A value asymmetry in double effect reasoning

The Knobe effect is that people judge cases of good and bad foreseen effects differently with respect to intention: in cases of bad effects, they tend to attribute intention, but not so in cases of good effects.

Now, this is clearly a mistake about intention: there is no such asymmetry. However, I wonder if there isn’t a real asymmetry in the value of the actions. Simplify by considering actions that have exactly one unintended side-effect, which is either good or bad. My intuition says that an action’s having a foreseen bad side-effect, even when that side-effect is unintended and the action is justified by Double Effect, makes the action less valuable. But on the other hand, an action’s having a foreseen good side-effect, when that side-effect is unintended, doesn’t seem to make the action any better.

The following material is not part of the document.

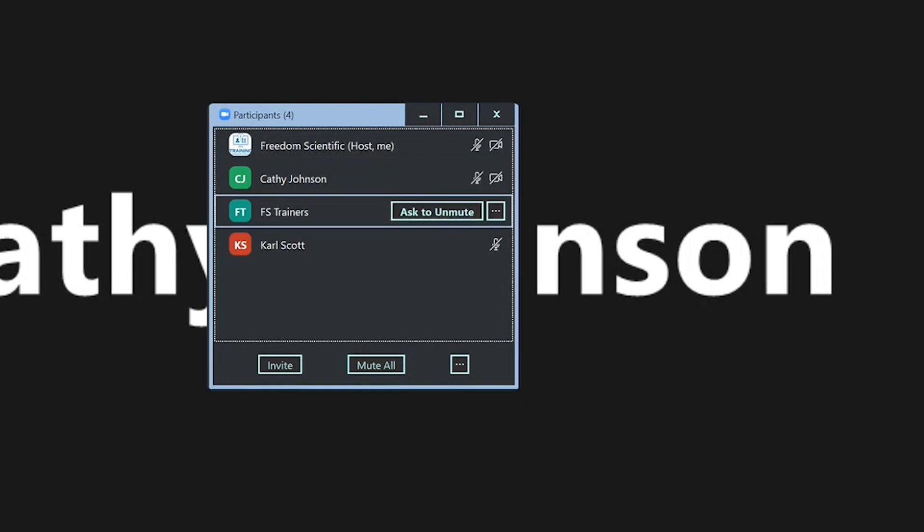FS trainers, computer audio muted, video off. I get the title of the person's name in the meeting as well as their current status as far as video and audio.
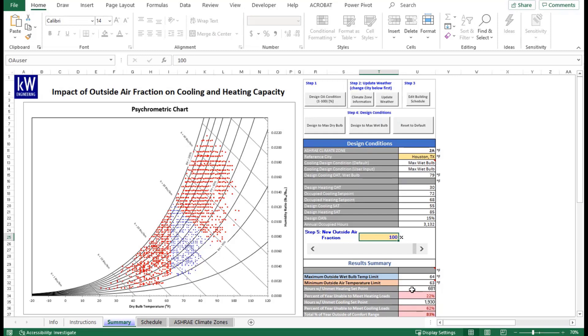These charts here tell you what your unmet hours for either cooling or heating are. At the very bottom here, you have the percentage of the year in which you're not going to be able to meet the load requirements of your building, which at this point at 100% with the original 15% design, you're having about 83% of the year not being able to meet your load.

Let me try to think through this asymmetry intuition. I would be a worse person if I intended the bad side-effect. But I would be a better one if I intended the good side-effect. My not intending the good side-effect is a sign of vice in me (as is clear in the standard Knobe case, where the CEO’s indifference to the environmental benefits of his action is vicious). So not only does the presence of an unintended good side-effect not make the action better, it makes it worse. But so far there is no asymmetry: the not intending of the bad is good and the not intending of the good is bad. The presence of a good side-effect gives me an opportunity for virtue if I intend it and for vice if I fail to intend. The presence of a bad side-effect gives me an opportunity for vice if I intend it and for virtue if I fail to intend.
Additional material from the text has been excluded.